That thar is a spec.


----------



## morris (Feb 15, 2009)

yep nice white perch or speck, aint no crappies down here


----------



## ThatredneckguyJamie (Feb 16, 2009)

Cadcom said:


> That thar is a spec.



Agreed...looks like a speck to me


----------



## Shug (Feb 16, 2009)

Here in Tenn thats a white crappie


----------



## Tanner boyzz (Feb 16, 2009)

looks like a spec to me


----------



## rjcruiser (Feb 16, 2009)

Perch....crappie...

I think we can all agree on it being called Dinner.  Nice one.


----------



## ratman (Feb 16, 2009)

Nice white perch mr. Rhodes. It does look like supper to me.


----------



## hgreagan (Feb 16, 2009)

Shug said:


> Here in Tenn thats a white crappie


But that is becuase ya'll don't have any specs up there. Technically it is called a black crappie, but folks I fish with down here in South Ga. wouldn't know what you were talking about.


----------



## hotamighty (Feb 16, 2009)

That is a dang sure nice speckled perch. I'd like to have a good mess of em that size. Havent had a chance to go.


----------



## mrbrinson (Feb 16, 2009)

That is a nice perch....and I should know....


----------



## tigerfan (Feb 16, 2009)

*perch?  crappie?*

That is a sac-a-lait


----------



## Michael Lee (Feb 16, 2009)

Tell Matt there that one day he'll learn to fish like me 

Good job bro!

ML


----------



## bnew17 (Feb 16, 2009)

White Perch


----------



## rhodes31072 (Feb 17, 2009)

I would like to give credit where credit is due.  mrbrinson is a new member here and is the ugly devil that caught that perch in the picture.


----------



## crackerdave (Feb 17, 2009)

That's a honker! Are you gonna get it mounted? Sure would be a nice mount.


----------



## crackerdave (Feb 17, 2009)

Wow! That'd make a purty mount! 

You oughta put that on the freshwater fishing forum,too - and make 'em drool!


----------



## Jasper (Feb 17, 2009)

Hey rhodes,

You call it whatever you want man. That's a good one. My favorite fish to catch.........


----------



## Paymaster (Feb 17, 2009)

That thar is food!  Congrats!


----------



## HuntinJake_23 (Feb 17, 2009)

Check the fishing regs and it will tell u what kind of fish that is. Nice crappie though, caught one just like it in my pond the other day!!!


----------



## JoshM (Feb 17, 2009)

They're all the same guys...perch, crappie, paper mouth, rock bass even...My grandparents call them "sac a laits".

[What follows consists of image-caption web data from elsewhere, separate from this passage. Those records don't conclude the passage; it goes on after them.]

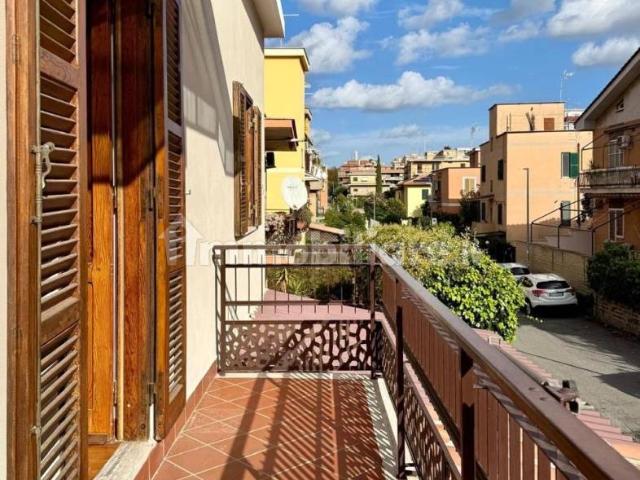 Bilocale via Andrea Verga 52, Torrevecchia, Roma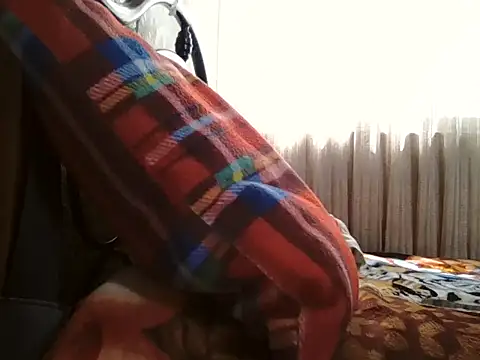 Snapshot of marco13y chatting on November 27, 2025, 7:03 pm marco13y online show from November 27, 2025, 7:03 pm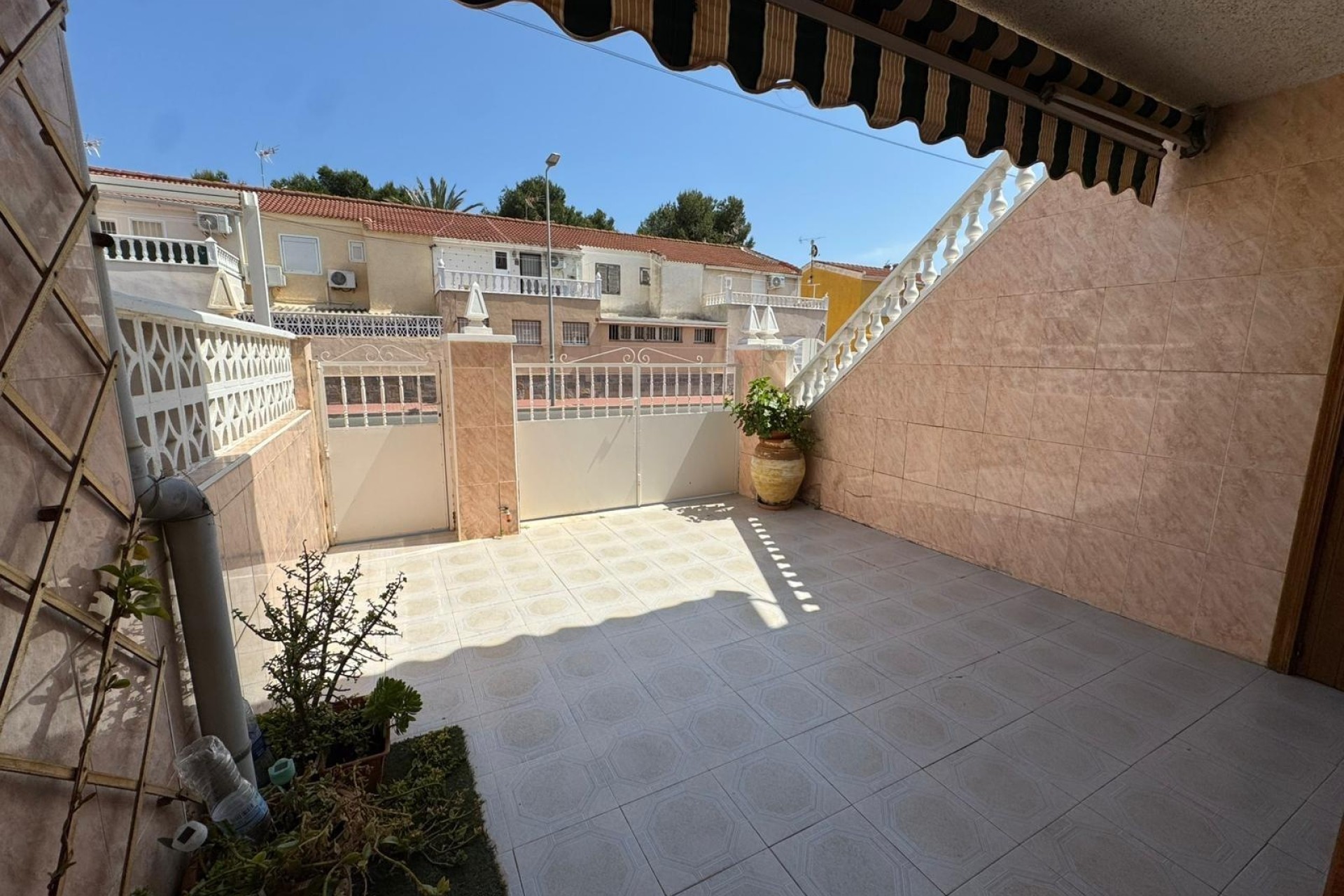 Resale - Apartment / Flat -
Torrevieja - Playa de los Naufragos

Nice looking fish either way


----------



## Jhunt (Feb 17, 2009)

rhodes31072 said:


> Short for white perch for you urbanites.




Not white perch, "Speckled Perch" you knucklehead.


----------



## K80 (Feb 17, 2009)

Nice crappie!


----------



## bnew17 (Feb 17, 2009)

i notice a trend here in what people call it.


----------



## pop pop jones (Feb 18, 2009)

Slab


----------



## bnew17 (Feb 18, 2009)

rhodes31072 said:


> for my pond at least.




did you go to mercer?


----------



## rhodes31072 (Feb 18, 2009)

No, I went to ABAC and UGA.


----------



## bnew17 (Feb 19, 2009)

look just like a guy i went to school with at mercer. anyways nice pictures!


----------



## Luke0927 (Feb 19, 2009)

Nice sized crappie!


You South GA boys.....

white perch








black crappie


----------



## mrbrinson (Feb 19, 2009)

Luke0927 said:


> Nice sized crappie!
> 
> 
> You South GA boys.....
> ...



"The genus name Pomoxis derives from the Greek πώμα and οξύς. The common name, crappie, derives from the Canadian French crapet, which refers to many different fishes of the family Centrarchidae. Other names for crappies are papermouths, calico bass, strawberry bass, white perch, specks, speckled perch, sac-a-lait, rock bass and Oswego bass."

You North GA boys feel free to keep calling it by its French name, but we're gonna stick with perch so everybody down here doesn't laugh at us....


----------



## Luke0927 (Feb 19, 2009)

mrbrinson said:


> "The genus name Pomoxis derives from the Greek πώμα and οξύς. The common name, crappie, derives from the Canadian French crapet, which refers to many different fishes of the family Centrarchidae. Other names for crappies are papermouths, calico bass, strawberry bass, white perch, specks, speckled perch, sac-a-lait, rock bass and Oswego bass."
> 
> You North GA boys feel free to keep calling it by its French name, but we're gonna stick with perch so everybody down here doesn't laugh at us....



 perch is a general name for about 130 different fish...guess its just easier for you south GA boys to call everything by one name!  

i wrote that article in wikipedia


----------



## Jhunt (Feb 19, 2009)

Heck, in south Georgia, a largemouth bass is a "trout".   The most confussed my dad ever got was when he went trout fishing in north Georgia with my Papa in the 1960's and Papa showed him what a trout really was.


----------



## letliloneswalk (Feb 19, 2009)

Ok   I LOVE PERCH , CAUGHT THOUSANDS OF THEM AND YOUR ALL WRONG .THEY HAVE DARK STRIPES ANDTHEY ARE YELLOW IN FACT  WALLEYES ARE MEMBERS OF THE PERCH FAMILY  YOU GOT A SAC-A-LAI    ALSO CALLED SACK OF MILK  SWEET CRAPPIE


----------